Song by Meek Mill featuring Cardi B

from the album Championships
- Recorded: 2018
- Length: 3:45
- Label: Atlantic; Maybach Music;
- Songwriters: Robert Williams; Nija Charles; Belcalis Almánzar; Shondrae Crawford; Desmond Peterson; Jovan J. Dawkins;
- Producers: Bangladesh; Benny Wond3r; Jovan J. Dawkins;

= On Me (Meek Mill song) =

2018 song by Meek Mill featuring Cardi B

On Me is a song by American rapper Meek Mill featuring fellow American rapper Cardi B from his fourth studio album Championships (2018). It was written by the artists alongside Nija Charles, Shondrae Crawford, Desmond Peterson, and Jovan J. Dawkins, and produced by Bangladesh, Benny Wond3r, and Jovan J. Dawkins. Following the album release, the track entered the US Billboard Hot 100 at number 30 and was certified Gold by the Recording Industry Association of America (RIAA).

==Background==
Producer Bangladesh first teased the collaboration in October 2018. A snippet of the song surfaced online the same month, previewing short parts from both Cardi and Meek's verses.
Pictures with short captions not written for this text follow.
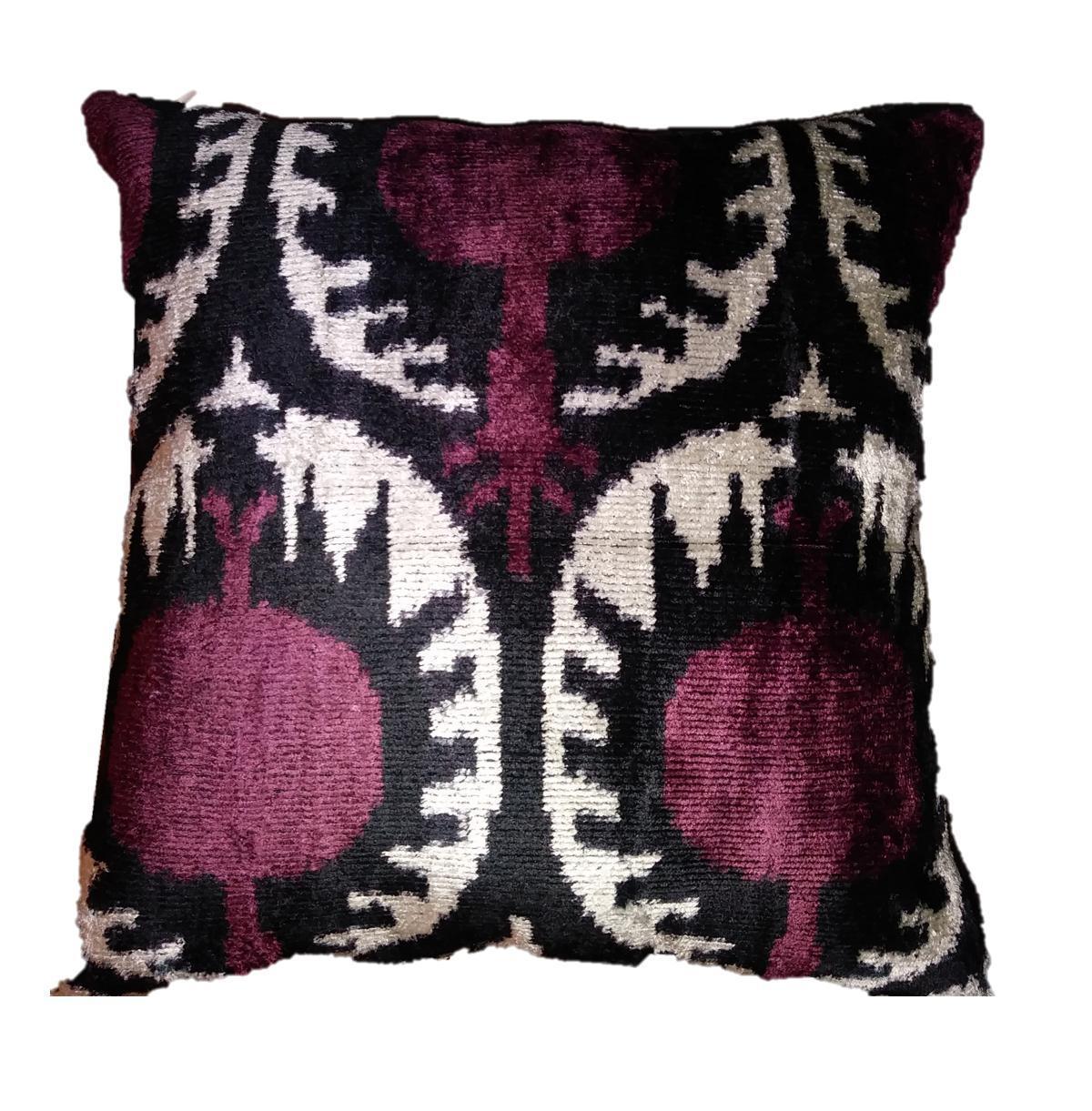 Canvello Handmade Stylish Velvet Throw Pillow - 20'' X 20'' Canvello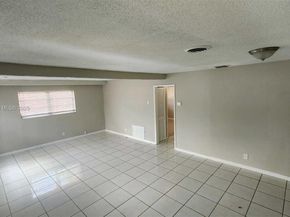 6221 NW 17th St, Sunrise FL 33313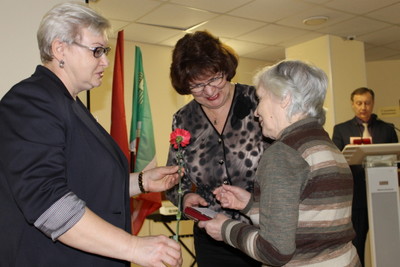 Ветеранам района Старое Крюково вручили юбилейные медали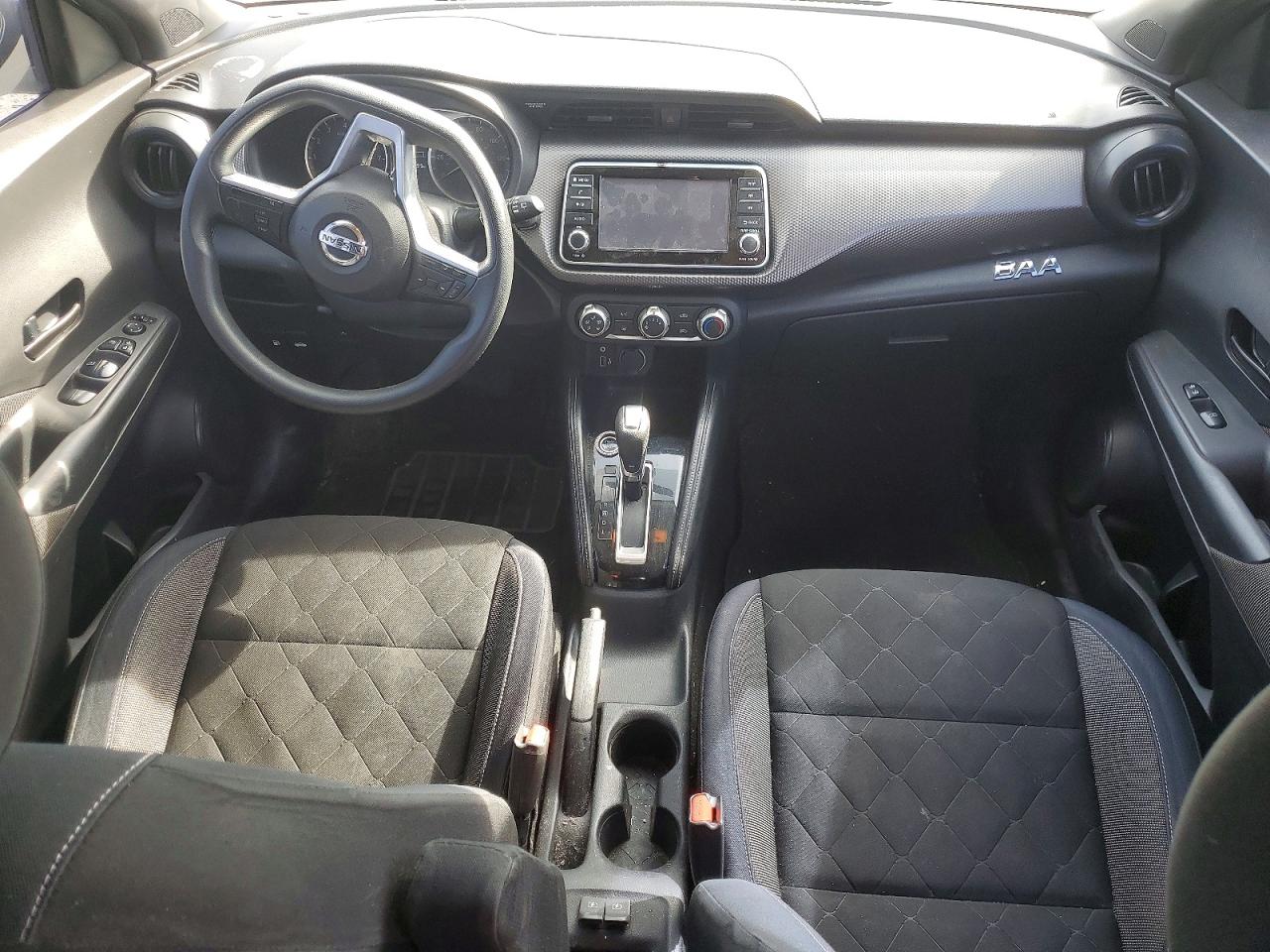Nissan Kicks S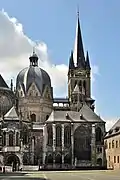 Prototambor de la catedral de Aquisgrán, en realidad los propios muros de la capilla octogonal (siglo IX)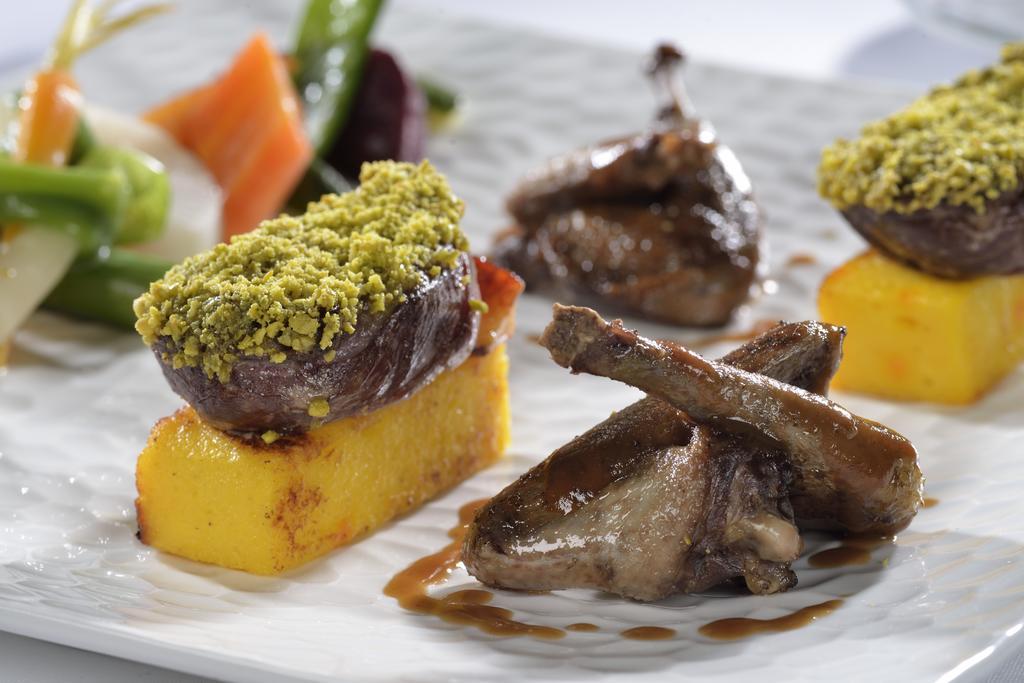 Mesnil-Saint-Père Auberge Du Lac, Sure Hotel Collection By Best Western מראה חיצוני תמונה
HotNewHipHop described it as a "heavy, trap-influenced" track.

==Critical reception==
Erin Lowers opined in Exclaim! that Cardi B "fleshes out the sex-adorned "On Me" flawlessly." Writing for Billboard, Sowmya Krishnamurthy called the song "energetic" and "[a] standout moment" on the album, which "features Cardi B stealing the show in perhaps her most confident rapping to date." In Pitchfork, Evan Rytlewski noticed Cardi B raps "exclusively in flexes on "On Me," and described the song as "a rowdy number cut from a distinctly "Bodak Yellow"-esque cloth." Reviewing the song's parent album Aaron McKrell of HipHopDX cited "On Me" and "Splash Warning" as examples of tracks where Meek "lightens the mood with carefree songs, and at best—like—he and his guests are supremely entertaining." Christopher R. Weingarten of Rolling Stone also cited it as one of the album's "straight bangers".

==Charts==

| Chart (2018) | Peak position |
|---|---|
| Canada Hot 100 (Billboard) | 97 |
| US Billboard Hot 100 | 30 |
| US Hot R&B/Hip-Hop Songs (Billboard) | 13 |

==Certifications==

| Region | Certification | Certified units/sales |
| United States (RIAA) | Gold | 500,000^{‡} |
^{‡} Sales+streaming figures based on certification alone.